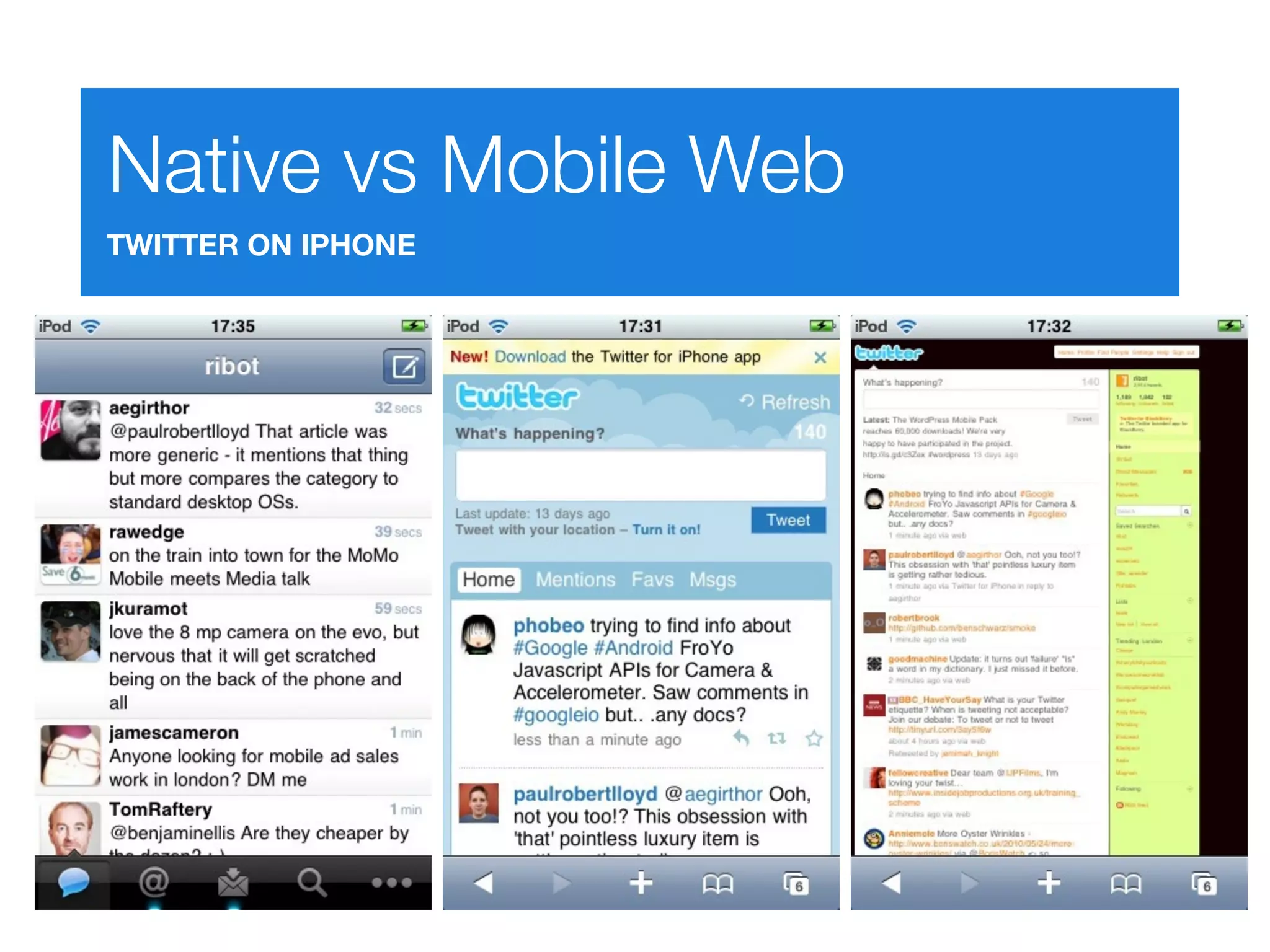 Native vs Mobile Web
TWITTER ON IPHONE
 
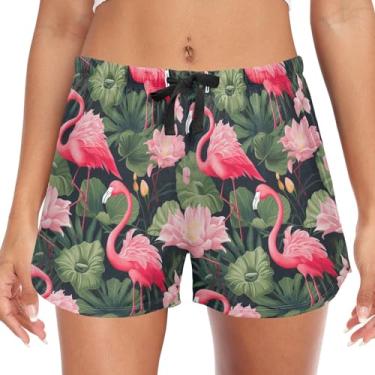 Imagem de CHIFIGNO Short feminino de pijama com bolsos, calça de pijama confortável para o verão, P-2GG, Flamingo rosa e flores folhas verdes, P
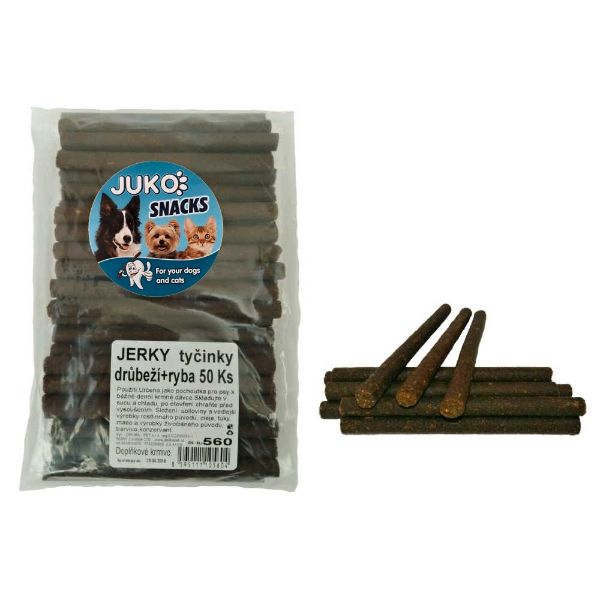 Obrázek Jerky tyčinky Drůbeží & ryba JUKO Snacks (50 ks)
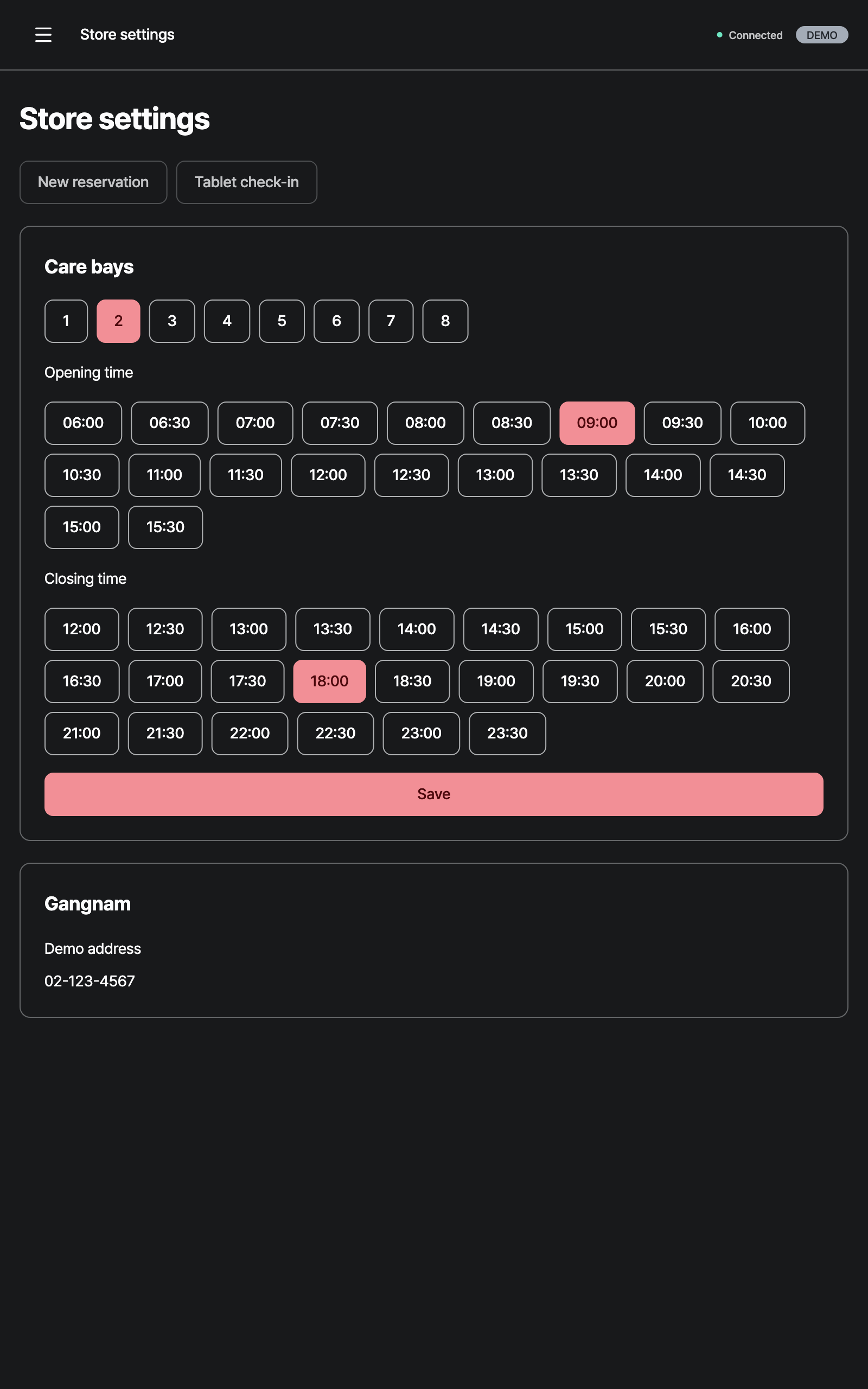 settings — tablet · dark · en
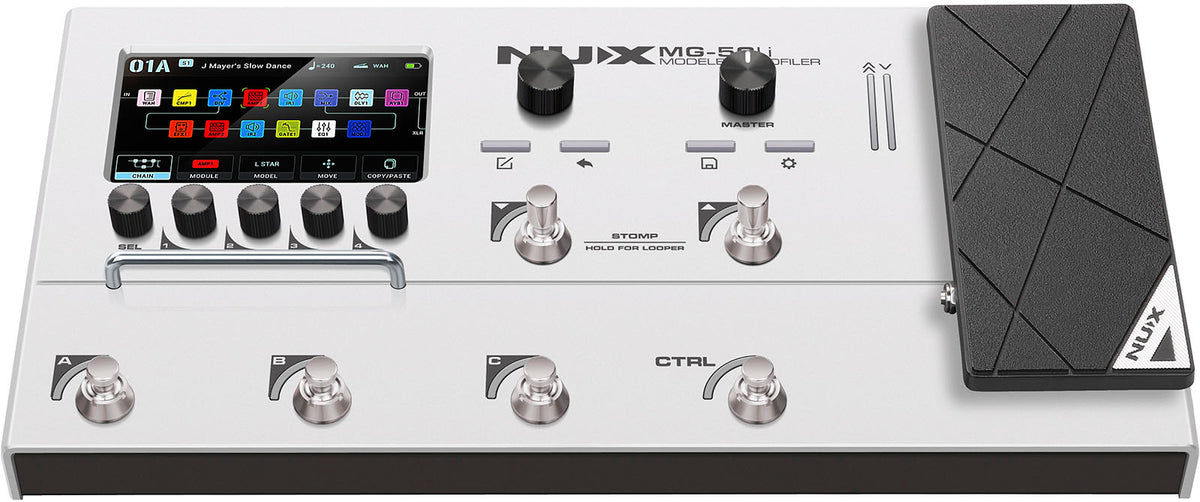 NUX MG-50LI Modeler and Multi-FX Processor for Guitar | Gig Bag Included | White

Required work: An exact copy is required of the lines from the one holding "settings — tablet · dark · en" to the end of the entries above, both included; no pictures belong in it.

Written answer:
 settings — tablet · dark · en
 NUX MG-50LI Modeler and Multi-FX Processor for Guitar | Gig Bag Included | White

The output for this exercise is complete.